Your instructions: Each and every line below goes into your answer unchanged, but leave out the images.

Data extract:
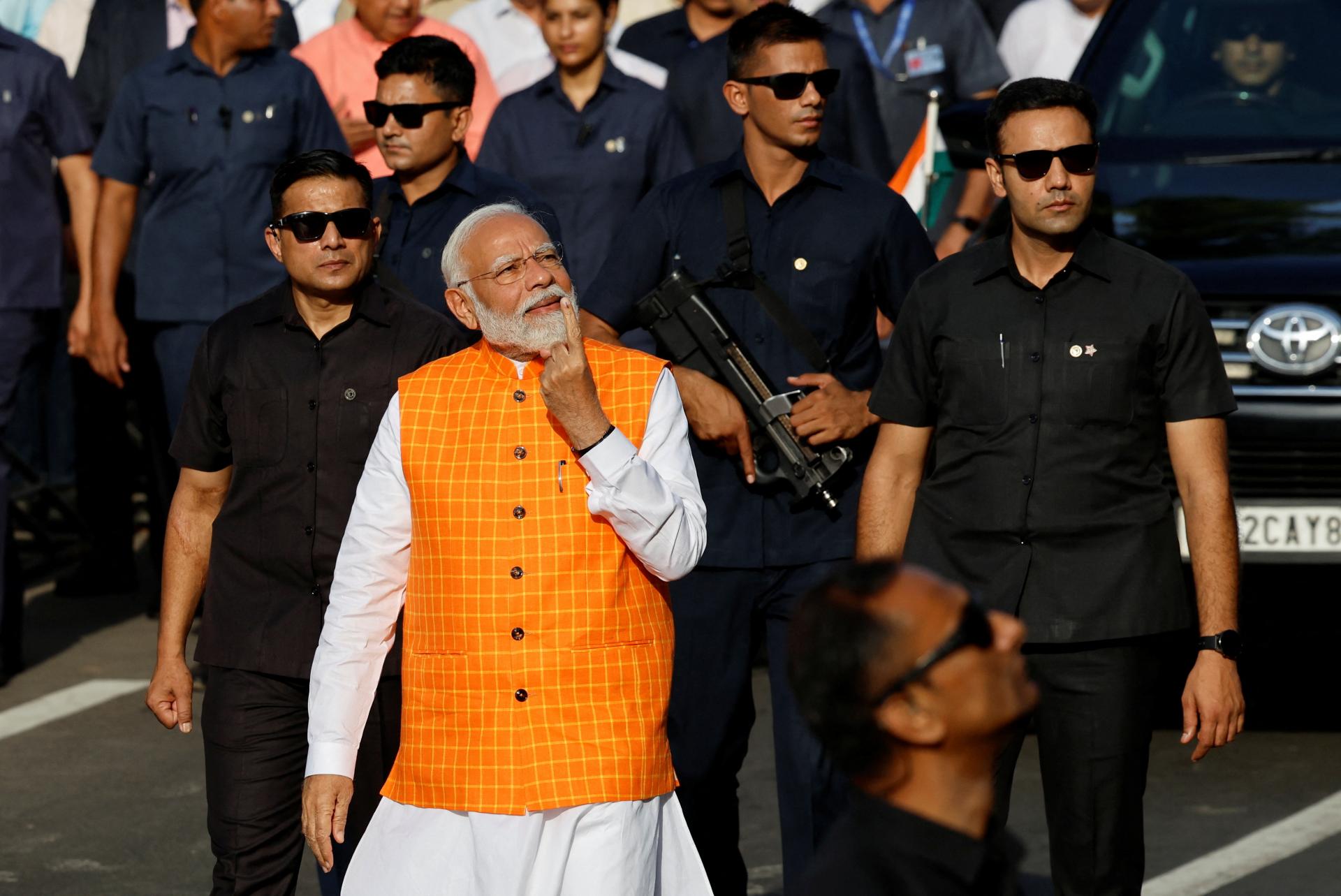 V tretej fáze indických volieb hlasoval favorit a súčasný premiér Módí, kampaň sa vyostruje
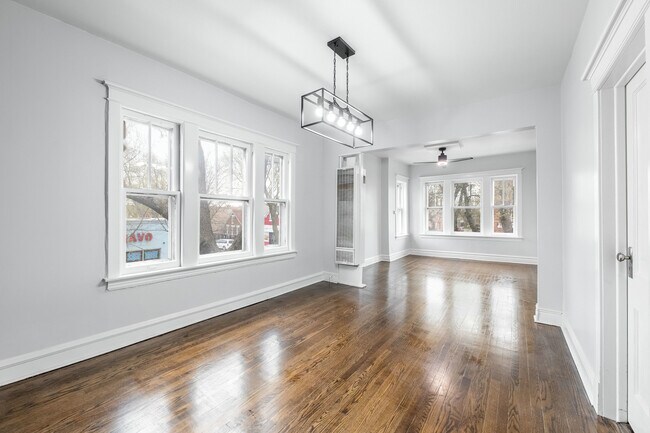 Building Photo - 3000 S Homan Ave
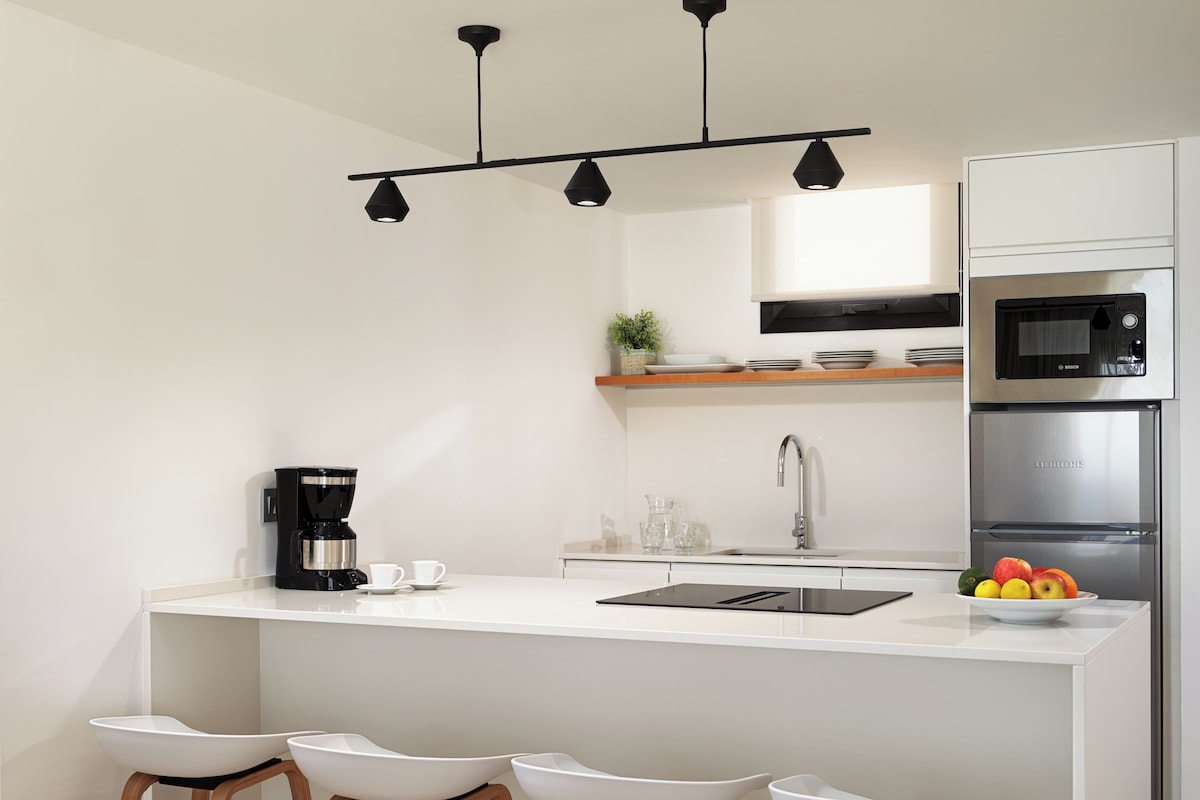 Private kitchen | Coffee/tea maker, full-size fridge, microwave, stovetop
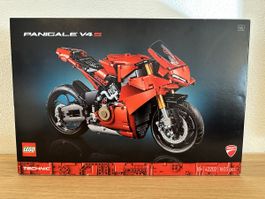LEGO Technic 42202 Ducati Panigale V4 S – Neu & originalverp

Solution to this problem:
 V tretej fáze indických volieb hlasoval favorit a súčasný premiér Módí, kampaň sa vyostruje
 Building Photo - 3000 S Homan Ave
 Private kitchen | Coffee/tea maker, full-size fridge, microwave, stovetop
LEGO Technic 42202 Ducati Panigale V4 S – Neu & originalverp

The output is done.